'''

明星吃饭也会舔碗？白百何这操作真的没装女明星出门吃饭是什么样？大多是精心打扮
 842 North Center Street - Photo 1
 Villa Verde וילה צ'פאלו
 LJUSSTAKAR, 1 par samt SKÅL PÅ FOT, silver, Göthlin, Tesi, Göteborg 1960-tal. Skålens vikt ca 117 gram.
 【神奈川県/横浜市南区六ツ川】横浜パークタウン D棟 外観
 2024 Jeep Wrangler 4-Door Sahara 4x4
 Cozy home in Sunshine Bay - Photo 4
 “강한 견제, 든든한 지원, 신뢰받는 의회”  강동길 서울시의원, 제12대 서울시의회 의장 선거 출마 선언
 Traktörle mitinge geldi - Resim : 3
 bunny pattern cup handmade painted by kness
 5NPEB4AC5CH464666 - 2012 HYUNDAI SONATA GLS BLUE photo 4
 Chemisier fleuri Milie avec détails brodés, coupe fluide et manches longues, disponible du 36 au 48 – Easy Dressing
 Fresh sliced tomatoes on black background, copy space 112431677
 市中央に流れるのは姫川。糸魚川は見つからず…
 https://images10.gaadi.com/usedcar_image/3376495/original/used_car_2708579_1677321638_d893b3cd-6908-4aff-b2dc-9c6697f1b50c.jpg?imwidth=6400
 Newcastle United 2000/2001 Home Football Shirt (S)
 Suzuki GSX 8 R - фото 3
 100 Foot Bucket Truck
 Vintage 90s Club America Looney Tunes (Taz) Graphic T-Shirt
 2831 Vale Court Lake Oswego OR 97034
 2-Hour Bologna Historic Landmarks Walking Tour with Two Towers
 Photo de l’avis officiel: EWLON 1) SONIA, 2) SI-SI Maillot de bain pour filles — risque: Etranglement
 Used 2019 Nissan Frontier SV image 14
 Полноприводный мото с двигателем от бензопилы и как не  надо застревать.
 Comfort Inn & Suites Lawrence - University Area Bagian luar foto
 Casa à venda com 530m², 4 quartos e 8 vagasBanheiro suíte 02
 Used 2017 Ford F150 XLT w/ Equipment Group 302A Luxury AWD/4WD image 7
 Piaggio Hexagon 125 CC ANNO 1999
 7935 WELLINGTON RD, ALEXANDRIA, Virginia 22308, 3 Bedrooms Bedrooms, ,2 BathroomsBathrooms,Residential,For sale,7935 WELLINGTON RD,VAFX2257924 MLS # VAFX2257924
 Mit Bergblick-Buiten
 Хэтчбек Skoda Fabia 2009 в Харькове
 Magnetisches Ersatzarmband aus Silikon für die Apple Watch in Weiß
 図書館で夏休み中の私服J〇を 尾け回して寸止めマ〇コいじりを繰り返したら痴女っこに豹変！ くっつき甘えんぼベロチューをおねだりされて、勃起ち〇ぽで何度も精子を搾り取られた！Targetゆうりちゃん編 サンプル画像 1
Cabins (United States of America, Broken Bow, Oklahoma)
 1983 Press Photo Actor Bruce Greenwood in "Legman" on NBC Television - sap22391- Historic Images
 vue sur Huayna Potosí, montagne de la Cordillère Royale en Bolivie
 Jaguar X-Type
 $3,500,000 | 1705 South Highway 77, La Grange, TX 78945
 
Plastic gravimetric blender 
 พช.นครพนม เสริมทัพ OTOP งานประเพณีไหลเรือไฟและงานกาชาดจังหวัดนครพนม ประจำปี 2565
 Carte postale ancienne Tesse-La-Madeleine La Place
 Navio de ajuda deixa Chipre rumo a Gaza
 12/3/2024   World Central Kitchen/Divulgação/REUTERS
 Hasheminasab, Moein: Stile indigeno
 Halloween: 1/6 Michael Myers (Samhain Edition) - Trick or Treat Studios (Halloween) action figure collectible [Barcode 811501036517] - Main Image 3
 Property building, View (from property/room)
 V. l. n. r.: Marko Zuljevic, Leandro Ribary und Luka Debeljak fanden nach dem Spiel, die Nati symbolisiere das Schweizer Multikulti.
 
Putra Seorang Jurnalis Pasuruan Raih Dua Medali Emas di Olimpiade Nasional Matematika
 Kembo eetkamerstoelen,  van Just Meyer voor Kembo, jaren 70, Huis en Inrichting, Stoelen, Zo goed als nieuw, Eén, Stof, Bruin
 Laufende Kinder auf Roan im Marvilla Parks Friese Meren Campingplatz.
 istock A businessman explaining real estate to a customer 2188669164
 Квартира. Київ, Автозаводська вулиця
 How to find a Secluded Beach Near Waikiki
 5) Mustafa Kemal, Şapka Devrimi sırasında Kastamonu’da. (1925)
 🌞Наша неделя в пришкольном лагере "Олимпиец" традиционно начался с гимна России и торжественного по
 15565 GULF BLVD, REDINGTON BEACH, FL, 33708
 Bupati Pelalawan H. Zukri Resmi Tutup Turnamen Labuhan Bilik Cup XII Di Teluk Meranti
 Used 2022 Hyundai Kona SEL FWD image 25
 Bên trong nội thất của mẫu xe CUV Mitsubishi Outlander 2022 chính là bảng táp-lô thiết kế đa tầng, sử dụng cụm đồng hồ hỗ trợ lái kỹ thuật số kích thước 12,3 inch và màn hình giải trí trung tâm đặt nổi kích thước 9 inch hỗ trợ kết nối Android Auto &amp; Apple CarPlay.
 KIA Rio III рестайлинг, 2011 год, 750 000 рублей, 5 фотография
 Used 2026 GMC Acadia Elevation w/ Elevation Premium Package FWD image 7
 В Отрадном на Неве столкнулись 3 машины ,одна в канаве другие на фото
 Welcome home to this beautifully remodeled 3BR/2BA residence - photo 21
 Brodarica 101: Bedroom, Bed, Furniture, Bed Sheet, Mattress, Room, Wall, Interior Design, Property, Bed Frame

'''

Beginning at the line with "Used 2017 Ford" and ending at the line with "5) Mustafa Kemal, Şapka", reproduce each line of the data above exactly, and add no other lines.

 Used 2017 Ford F150 XLT w/ Equipment Group 302A Luxury AWD/4WD image 7
 Piaggio Hexagon 125 CC ANNO 1999
 7935 WELLINGTON RD, ALEXANDRIA, Virginia 22308, 3 Bedrooms Bedrooms, ,2 BathroomsBathrooms,Residential,For sale,7935 WELLINGTON RD,VAFX2257924 MLS # VAFX2257924
 Mit Bergblick-Buiten
 Хэтчбек Skoda Fabia 2009 в Харькове
 Magnetisches Ersatzarmband aus Silikon für die Apple Watch in Weiß
 図書館で夏休み中の私服J〇を 尾け回して寸止めマ〇コいじりを繰り返したら痴女っこに豹変！ くっつき甘えんぼベロチューをおねだりされて、勃起ち〇ぽで何度も精子を搾り取られた！Targetゆうりちゃん編 サンプル画像 1
Cabins (United States of America, Broken Bow, Oklahoma)
 1983 Press Photo Actor Bruce Greenwood in "Legman" on NBC Television - sap22391- Historic Images
 vue sur Huayna Potosí, montagne de la Cordillère Royale en Bolivie
 Jaguar X-Type
 $3,500,000 | 1705 South Highway 77, La Grange, TX 78945
 
Plastic gravimetric blender 
 พช.นครพนม เสริมทัพ OTOP งานประเพณีไหลเรือไฟและงานกาชาดจังหวัดนครพนม ประจำปี 2565
 Carte postale ancienne Tesse-La-Madeleine La Place
 Navio de ajuda deixa Chipre rumo a Gaza
 12/3/2024   World Central Kitchen/Divulgação/REUTERS
 Hasheminasab, Moein: Stile indigeno
 Halloween: 1/6 Michael Myers (Samhain Edition) - Trick or Treat Studios (Halloween) action figure collectible [Barcode 811501036517] - Main Image 3
 Property building, View (from property/room)
 V. l. n. r.: Marko Zuljevic, Leandro Ribary und Luka Debeljak fanden nach dem Spiel, die Nati symbolisiere das Schweizer Multikulti.
 
Putra Seorang Jurnalis Pasuruan Raih Dua Medali Emas di Olimpiade Nasional Matematika
 Kembo eetkamerstoelen,  van Just Meyer voor Kembo, jaren 70, Huis en Inrichting, Stoelen, Zo goed als nieuw, Eén, Stof, Bruin
 Laufende Kinder auf Roan im Marvilla Parks Friese Meren Campingplatz.
 istock A businessman explaining real estate to a customer 2188669164
 Квартира. Київ, Автозаводська вулиця
 How to find a Secluded Beach Near Waikiki
 5) Mustafa Kemal, Şapka Devrimi sırasında Kastamonu’da. (1925)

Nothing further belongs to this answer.